In accordance with this demand of public opinion in California, Commissioner Parker suggested to the Department the propriety of restoring the Pala and San Pasqual reserves to the public domain, which was accordingly done by Executive order of February 17, 1871, and this last opportunity of furnishing these Indians with homes by substituting public lands in California for those in the title to which the Government had failed to protect them was lost. A resistance to the public demand in strict conformity with justice to the Indians would have enabled the Government then at slight cost to have made ample provision for the Mission Indians. Thus matters remained until in 1873 the Department, anticipating for all the Mission Indians what has lately happened to the Temecula band, called the attention of Congress most earnestly to the subject. The necessary appropriation asked for this purpose not being granted, attention was again called during the last session of Congress to the same subject, and an appropriation of $100,000 asked for the Indian service in California, by which great relief would have been brought to these Indians; but that estimate was reduced in the bill to the usual amount granted for the other Indians of that State, leaving but a small amount which could in any case be used for the Mission Indians.

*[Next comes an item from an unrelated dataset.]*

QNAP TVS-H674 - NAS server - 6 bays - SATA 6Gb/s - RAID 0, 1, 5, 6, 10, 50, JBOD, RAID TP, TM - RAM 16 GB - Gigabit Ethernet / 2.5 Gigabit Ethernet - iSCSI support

In my judgment, the best method of meeting the necessities of these Indians will be to secure to them by withdrawal from sale all the public lands upon which they are now living. Under directions from the Office, the agent has employed a surveyor to indicate such boundaries as will enable the President to issue an Executive order making the proper withdrawal. This course, however, will provide for but very few of the Indians, from the fact that nearly all of the arable lands in that section of the country have been sought for and are covered by Mexican land-grants or entries in the United States Land-Office. For the remainder, it will be necessary to purchase small tracts of land at different points upon which the Indians may locate permanent homes, and where they will be in the vicinity of the planters and ranch-men, who will give them profitable employment as laborers. For the purchase of these tracts and of the improvements which may be found within other tracts desirable for small reservations, an appropriation of not less than $150,000 will be required, and I respectfully suggest that the attention of Congress be again called to the importance of this subject.